Suppose (L,*) is a loop. Then, the left nucleus of L, i.e., the set of left-associative elements of L, is nonempty and forms a subgroup of L. This subgroup is sometimes termed the left kernel of L or the left-associative center of L.

Related facts

Facts used

  1. Left-associative elements of magma form submagma: Further, this submagma is a subsemigroup, and if the whole magma has a neutral element, it has the same neutral element and becomes a monoid.
  2. Monoid where every element is right-invertible equals group, which in turn uses equality of left and right inverses in monoid

Proof

Given: A loop (L,*) with identity element e. S is the set of left-associative elements of L.

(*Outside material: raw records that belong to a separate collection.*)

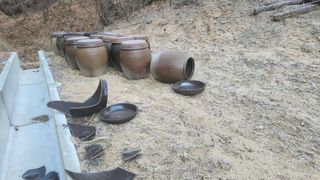 김준한님의 자유주제 · 자유게시판 작성글 사진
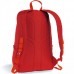 Рюкзак Tatonka City Trail 16 redbrown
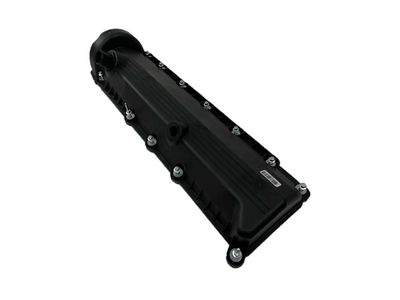 Ford DC2Z-6582-A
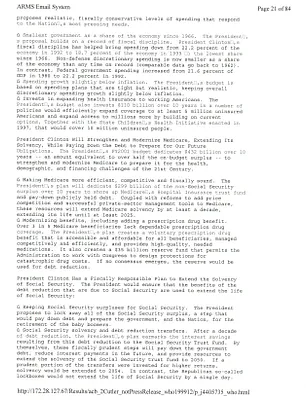 p. 21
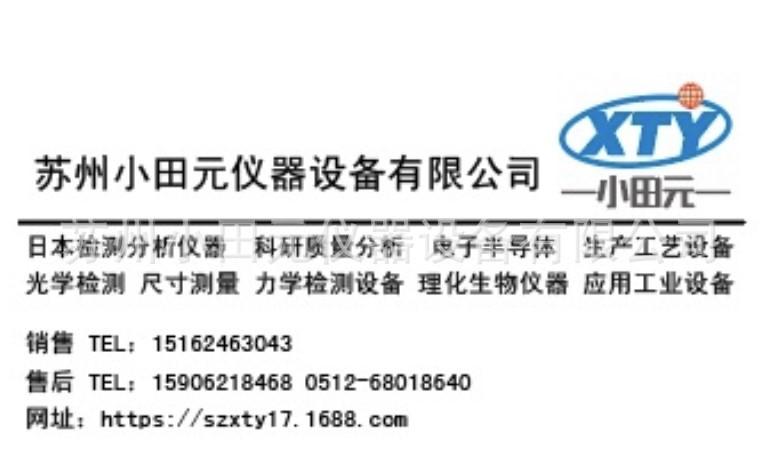 名片2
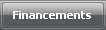 Financements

To prove: S is a subgroup of L. More explicitly, (S,*) is a group with identity element e.

Proof:

Step no. Assertion/construction Facts used Given data used Previous steps used Explanation
1 (S,*) is a monoid with identity element e. Fact (1) (L,*) has identity element e Follows directly from Fact (1).
2 For any a \in S, there is a right inverse of a in L, i.e., an element b \in L such that a * b = e. L is a loop
3 For any a \in S, the right inverse b constructed in Step (2) is in S. In other words, for any c,d \in S, we have (b * c) *d  = b * (c * d). L is a loop, so any equation a * x = z has a unique solution for x. Step (2) Using left-associativity of a, we get:a * ((b * c) * d) = (a * (b * c)) * d = ((a * b) * c) * d) = (e * c) * d = c * d
Similarly, a * (b * (c * d)) = (a * b) * (c * d) = e * (c * d) = c * d
Thus, we get: a * (b * (c * d)) = a * ((b * c) * d) = c * d.
Since the equation a * x = c * d has a unique solution, we get that b * (c * d) = (b * c) * d.
4 (S,*) is a monoid with identity element e in which every element has a right inverse. Steps (1), (3) Step-combination direct
5 (S,*) is a group with identity element e, completing the proof. Fact (2) Step (4) Step-fact combination direct.